The Waffles’ Crossing had taken less than a standard week. All in all, an excellent bit of Navigation, all things considered.

Sitting just beyond the red dwarf’s gravity well, the Waffles was only 0.7 AUs from the tiny star. Its single planet, a huge gas giant called Ymir, orbited at some thirty million kilometers. Circling the massive gas giant was a single small world, Eitr, or Nordic Prime; a trip of a bit more than twenty one hours at full thrust.

This time around, Nordic System Control contacted the Waffles of its own volition.

“Inbound ship entered Nordic System at 1641 Hours Local Time. Welcome, strangers. Name and registration for our records, please.”

“The Chicken and Waffles” Captain Fyyg replied, “Registration alpha two zero zero seven two zero one two seven niner seven.”

“Thank you Captain.” System replied. “We have fuel and entertainment facilities available. Simply follow the homing beacon. Cleared for landing at Bay zero one.”

“We’ve been in space quite a while, System Control. It will be good to touch terra firma again!”

“At current acceleration,” System told them, “we show your ship arriving in 21.4 hours; approximately 013.44 Hours Local Time. Welcome to Nordic Prime, Waffles

“Roger that, System.” replied Fygg. “Waffles out.”

Talking it over with his bridge Officers, Fyyg came to the conclusion that their shabby treatment on initial entrance in the Nordic System must have simply been due to a single individual, rather than some problem endemic of Nordic’s System Control. Still, the Captain decided, the individual with whom he’d originally dealt, whoever he was, was going to get a pop in the nose if he could be found.

With the Waffles about to make planetfall, one of the black gang, pale Engineer’s 3rd Mate, Yohan ‘The Butcher’ Gleiser, as was his custom, pulled an entire side of blue ox he’d bought on Mica from storage in the freezer, and then, stretching it out over the Number 4 Heat Exchange back in Engineering, set it to slowly cook. This inevitably filled the engineering and crew spaces of the Waffles with the smell of delicious BBQ; the aroma eventually, and quite insidiously, permeating the entire ship. On such a day, the Captain, who’d hailed from green Holt, would find some pretense to descend among the black gang and try a piece, being no stranger to venison. Captain Nordel Fyyg had never found anything wrong with any of the meat Yohan had ever cooked, so when the Captain took the Engineering 3rd Mate aside, ‘The Butcher’ wondered.
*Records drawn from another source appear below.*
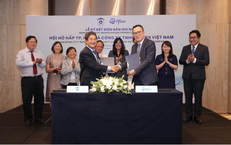 Đối Mặt Với Chi Phí Đào Tạo: Thực Trạng Ngành Sức Khỏe Tại Việt Nam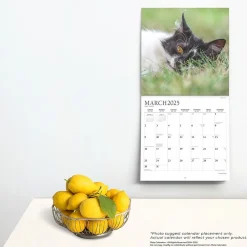 2025 Calendars|Plato 2025 I Love Cats 12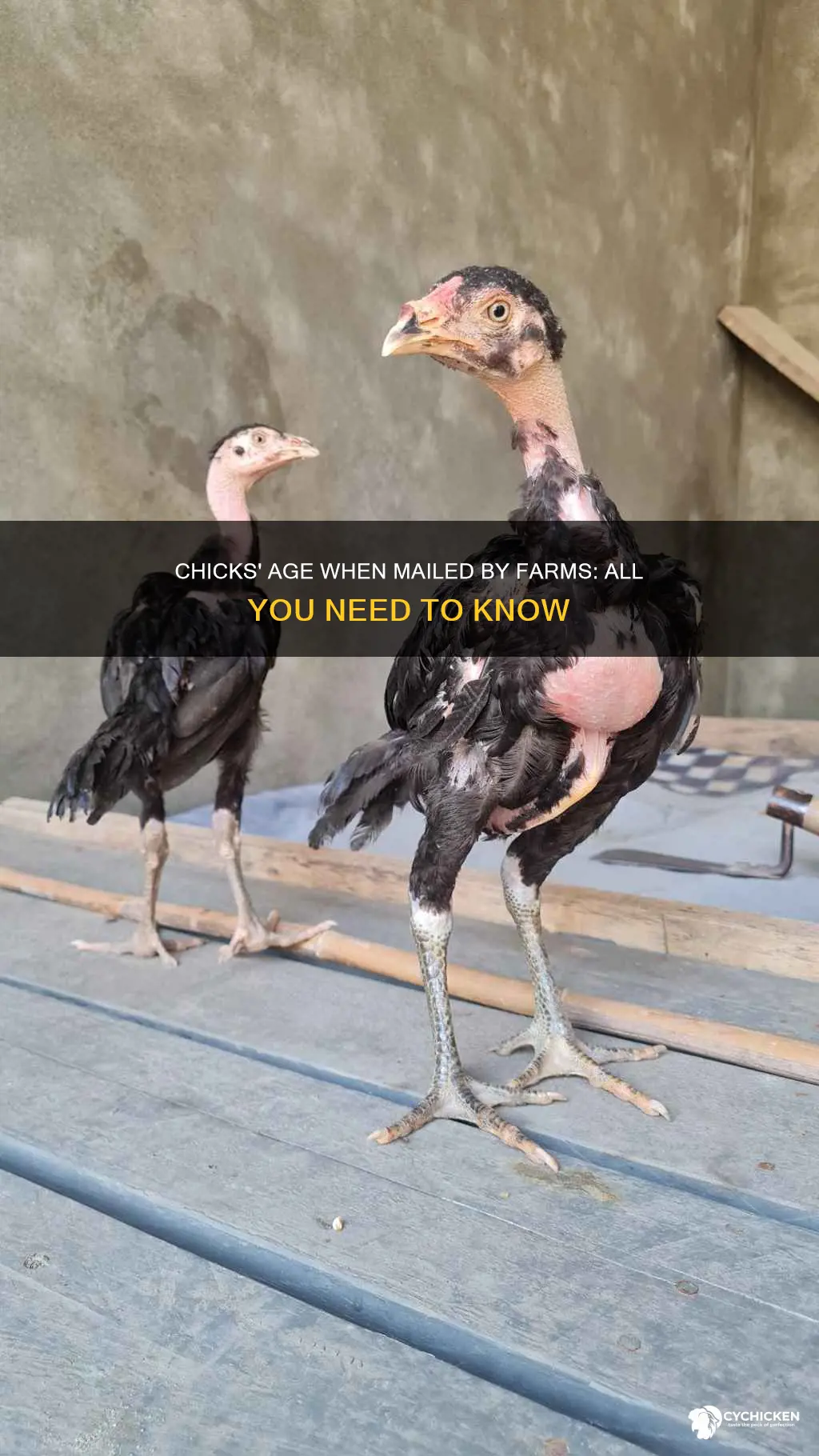 how old are chicks when the farms will mail them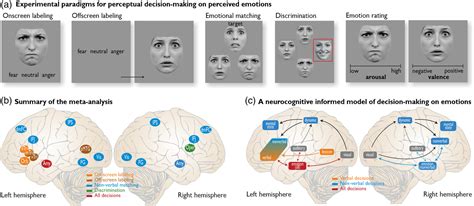 Human Brain Mapping | Neuroimaging Journal | Wiley Online Library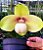 Orquídea Sapatinho Paphiopedilum hangianum Espécie Pura - Flor Gigante - Imagem 6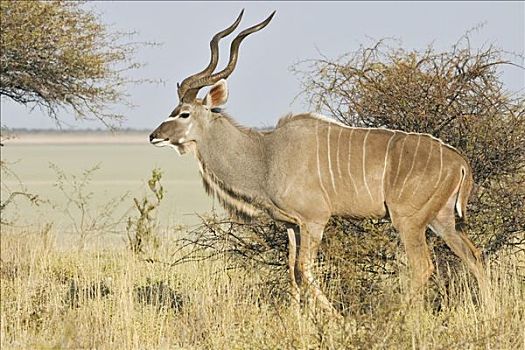 大捻角羚,雄性,埃托沙国家公园,纳米比亚,非洲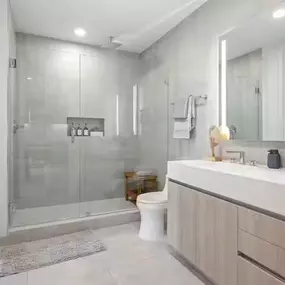 Spa-inspired bathroom with a glass-enclosed rainfall shower and sleek modern finishes.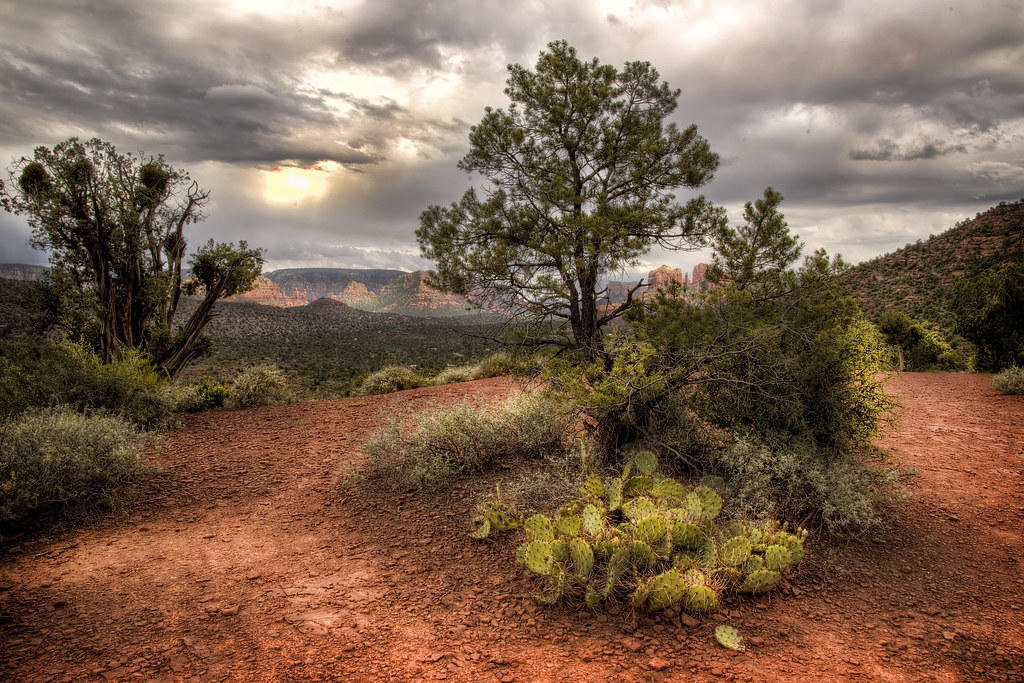 Elevation of S Page Springs Rd, Cornville, AZ, USA Topographic Map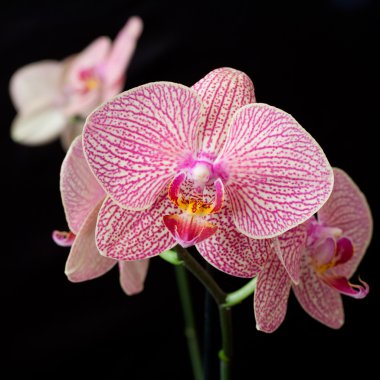 pembe orkide phalaenopsis kara günü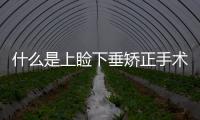 什么是上瞼下垂矯正手術？矯正上瞼下垂主要方法有哪些？
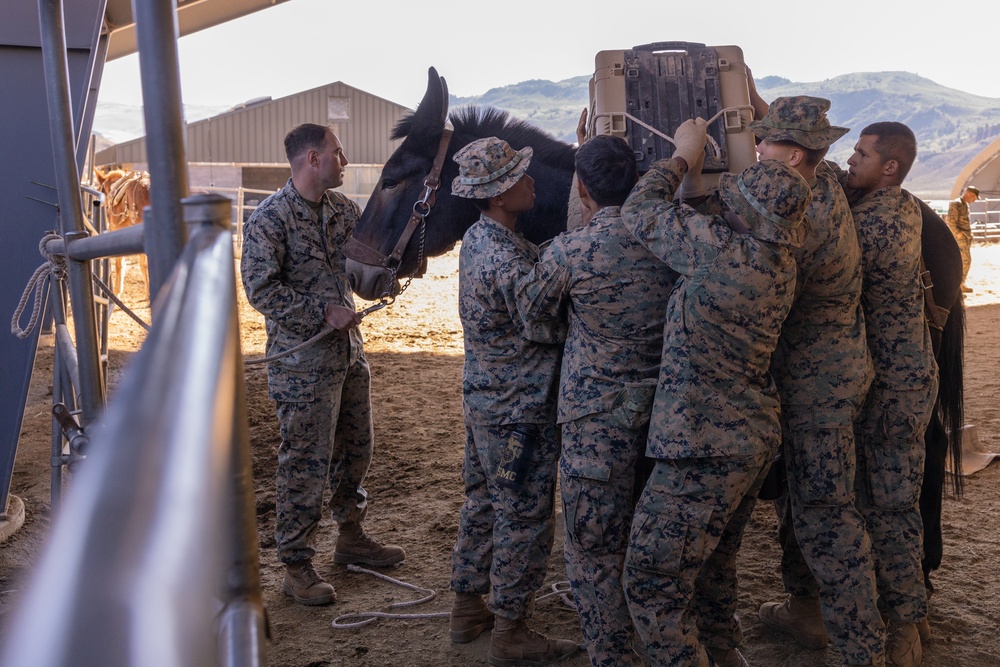 8th ESB Marines integrate animal packers in preparation of force-on-force exercise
“Fabulous as always, Yohan. Really superb! It remind me of roaming the woods back on Holt as a boy with my muzzle-loader!”

At this point the Captain leaned in close, an arm around the little Engineer’s shoulder.

“I was thinking perhaps you wouldn’t mind if we shared our fare with the passengers for our last meal together, Yohan? Sitting around a dingy Starport goes easier when you’ve a full belly, yes? And Nordic Prime, I believe, is going to be one of the dingiest.”

Later in the Crew Lounge, beers were consumed and meat gnawed from numerous bones, while on the next deck up, in the Passenger Lounge, a variety of beers and wines, and other potent potables were consumed and meat gnawed from numerous bones. Music was played on the Micros, and a good time was had by all.